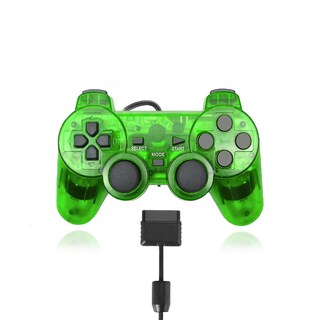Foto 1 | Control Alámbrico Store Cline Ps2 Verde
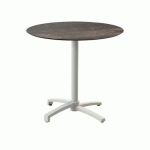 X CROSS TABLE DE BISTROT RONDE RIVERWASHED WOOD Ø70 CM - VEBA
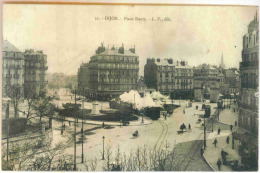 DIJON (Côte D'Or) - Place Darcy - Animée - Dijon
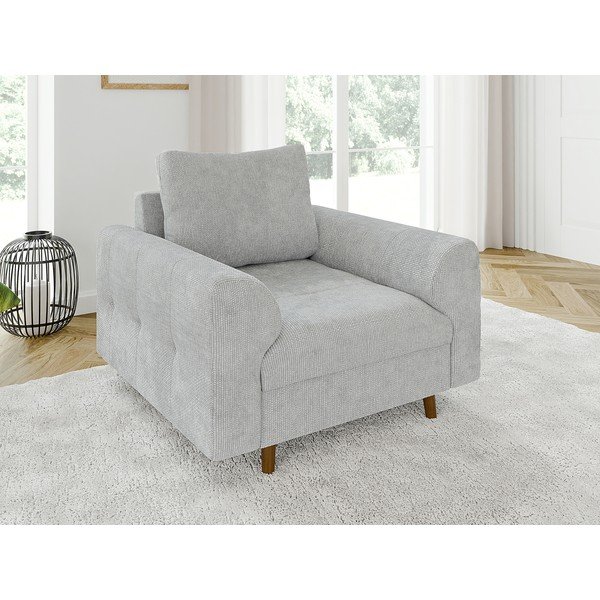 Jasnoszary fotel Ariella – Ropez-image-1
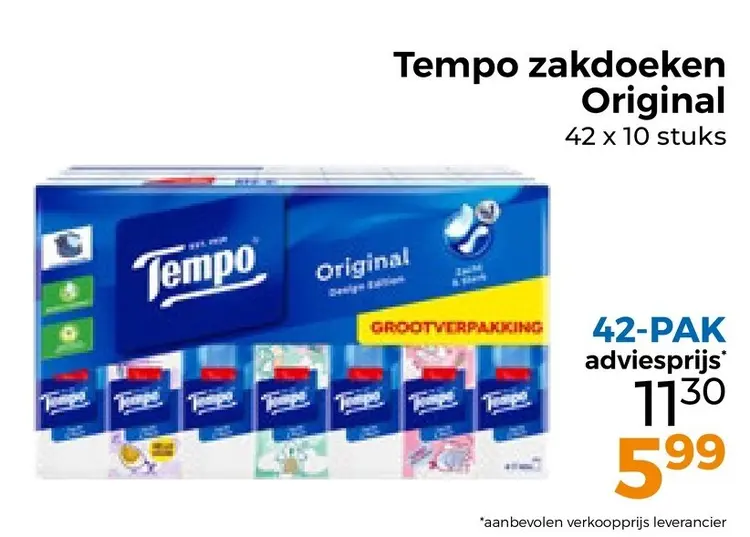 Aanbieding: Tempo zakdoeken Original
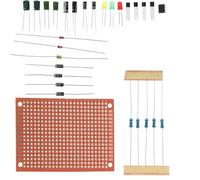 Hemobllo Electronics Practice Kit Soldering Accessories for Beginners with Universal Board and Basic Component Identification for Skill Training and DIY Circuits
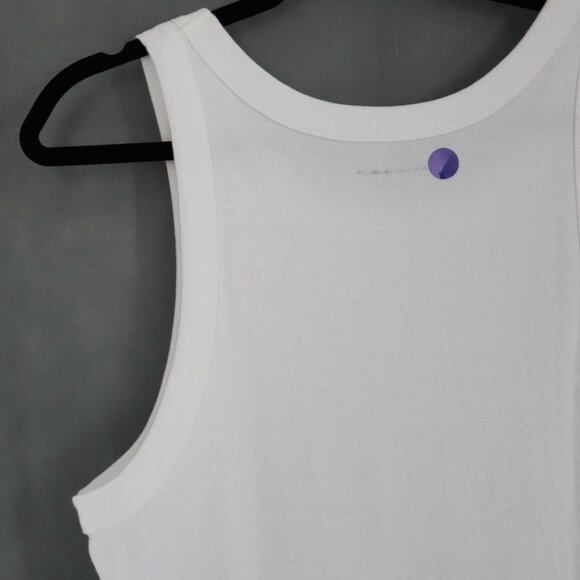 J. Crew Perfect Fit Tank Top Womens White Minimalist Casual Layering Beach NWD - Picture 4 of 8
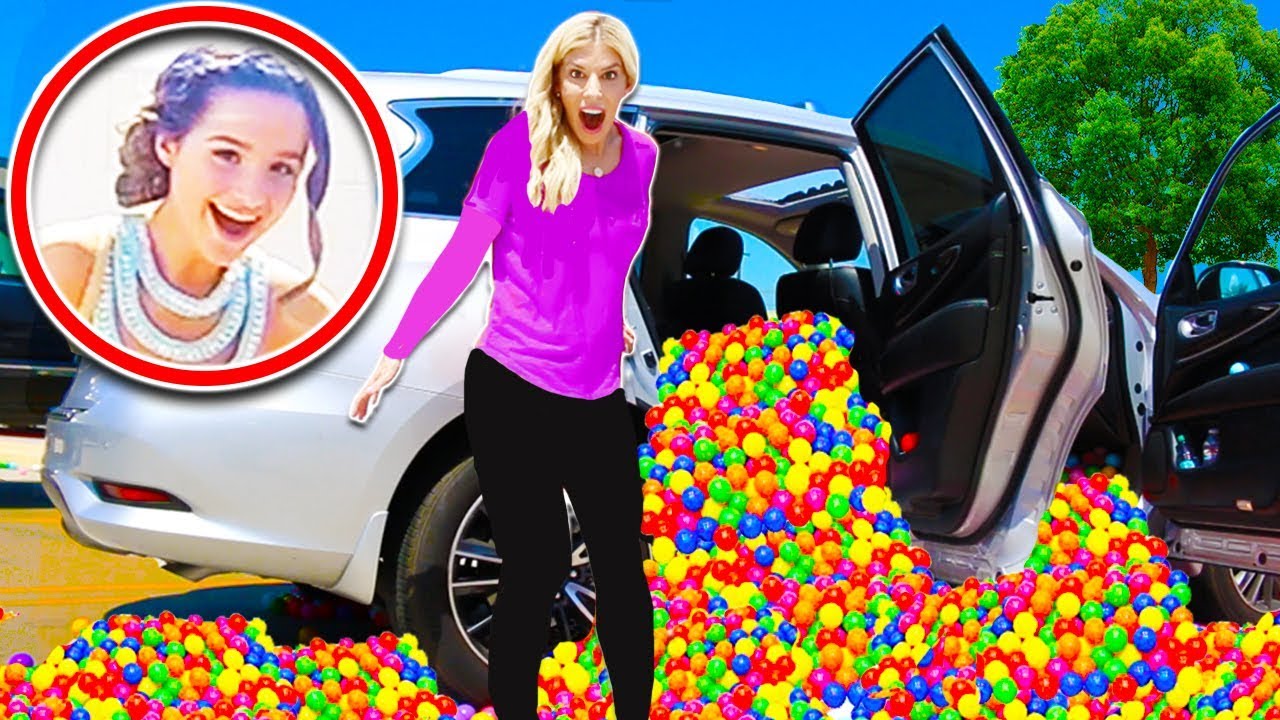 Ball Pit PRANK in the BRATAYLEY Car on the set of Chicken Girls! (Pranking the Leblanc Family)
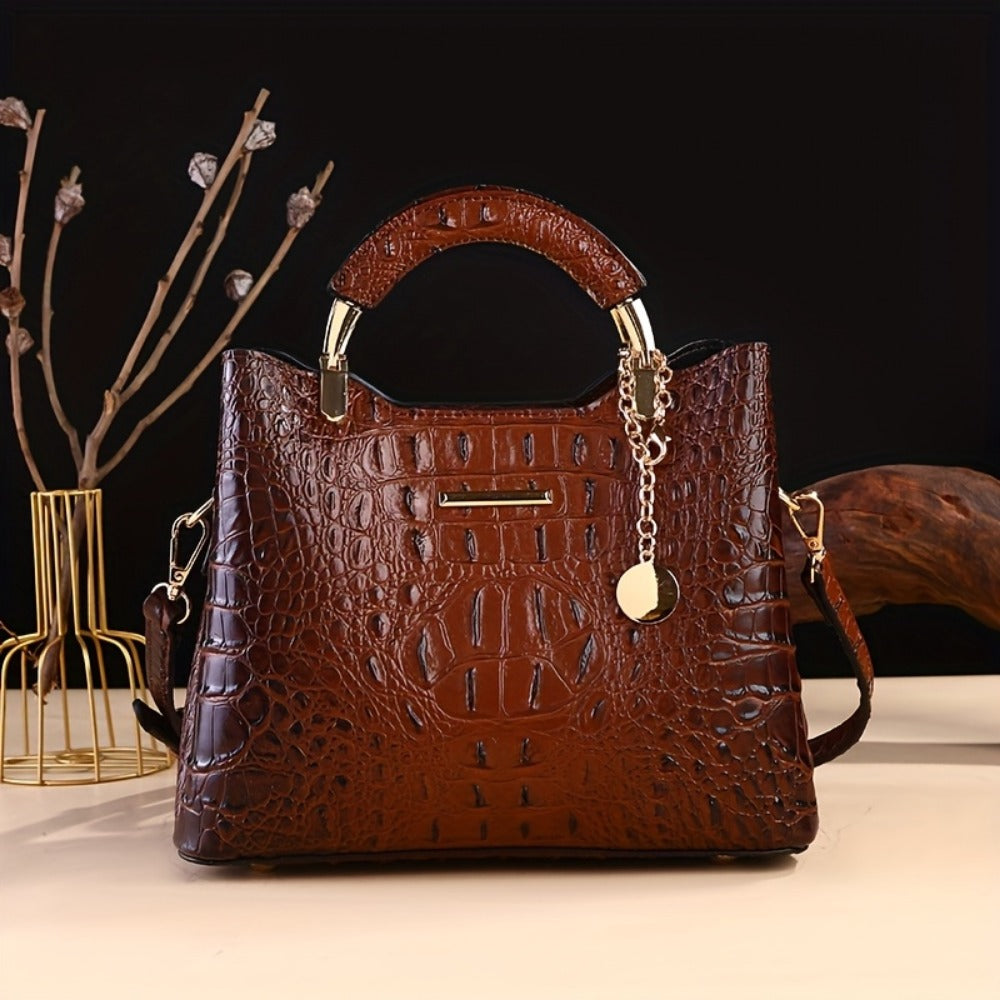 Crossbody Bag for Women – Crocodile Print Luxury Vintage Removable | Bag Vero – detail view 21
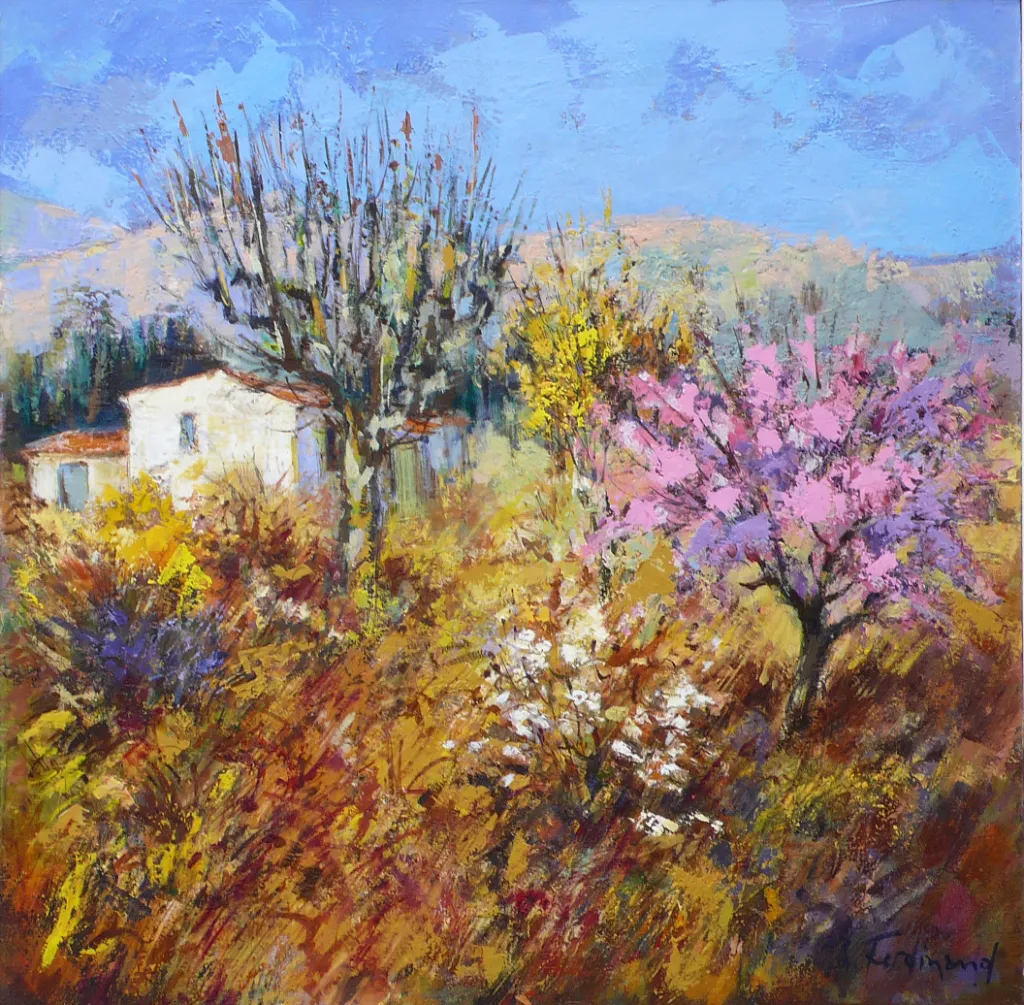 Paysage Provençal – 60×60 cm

· · ·

> **Work order**
A verbatim copy of the listing, with all pictures removed, is required.

> **Written response**
Foto 1 | Control Alámbrico Store Cline Ps2 Verde
 X CROSS TABLE DE BISTROT RONDE RIVERWASHED WOOD Ø70 CM - VEBA
 DIJON (Côte D'Or) - Place Darcy - Animée - Dijon
 Jasnoszary fotel Ariella – Ropez-image-1
 Aanbieding: Tempo zakdoeken Original
 Hemobllo Electronics Practice Kit Soldering Accessories for Beginners with Universal Board and Basic Component Identification for Skill Training and DIY Circuits
 J. Crew Perfect Fit Tank Top Womens White Minimalist Casual Layering Beach NWD - Picture 4 of 8
 Ball Pit PRANK in the BRATAYLEY Car on the set of Chicken Girls! (Pranking the Leblanc Family)
 Crossbody Bag for Women – Crocodile Print Luxury Vintage Removable | Bag Vero – detail view 21
 Paysage Provençal – 60×60 cm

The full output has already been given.